On January 7, 2021, the Company, SmallCellSite.com LLC, a Virginia limited liability company (“SCS LLC”) and SmallCellSite, Inc., a newly formed Nevada corporation and wholly owned subsidiary of the Company (“SCS”) entered into an asset purchase agreement (“APA”) to acquire SCS LLC’s wireless communications marketing and database services business. SCS LLC is a source of more than 80,000 cell sites offered by property owners for use by wireless network operators.
Basis of Presentation
The accompanying unaudited condensed consolidated financial statements of the Company have been prepared in accordance with accounting principles generally accepted in the United States of America for interim financial information and with the instructions to Form 10-Q and Rule 10-01 of Regulation S-X. Accordingly, they do not include all of the information and footnotes required by generally accepted accounting principles for complete financial statements. In the opinion of management, all normal recurring adjustments considered necessary for a fair presentation have been included. Operating results for the three and nine months ended September 30, 2023 are not necessarily indicative of the results that may be expected for the year ending December 31, 2023. For further information refer to the financial statements and notes thereto included in the Company’s Form 10-K for the year ended December 31, 2022.
Going Concern
The accompanying financial statements are prepared using accounting principles generally accepted in the United States of America applicable to a going concern, which contemplate the realization of assets and liquidation of liabilities in the normal course of business.
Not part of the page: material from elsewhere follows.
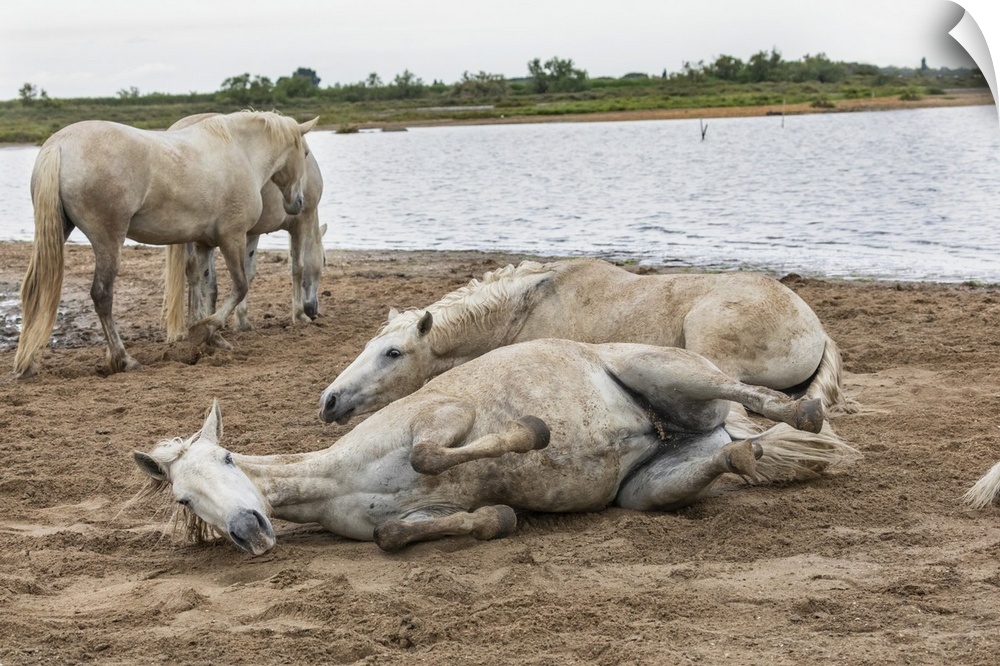The white horses of the Camargue rolling in the dirt.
As of September 30, 2023, our current liabilities exceeded our current assets by $1,018,730 and we had an accumulated deficit of $52,595,563. The Company currently does not have the cash resources to meet its operating commitments for the next twelve months and expects to have ongoing requirements for capital investment or debt to implement its business plan. These factors, among others, raise substantial doubt that the Company will be able to continue as a going concern for a reasonable period of time.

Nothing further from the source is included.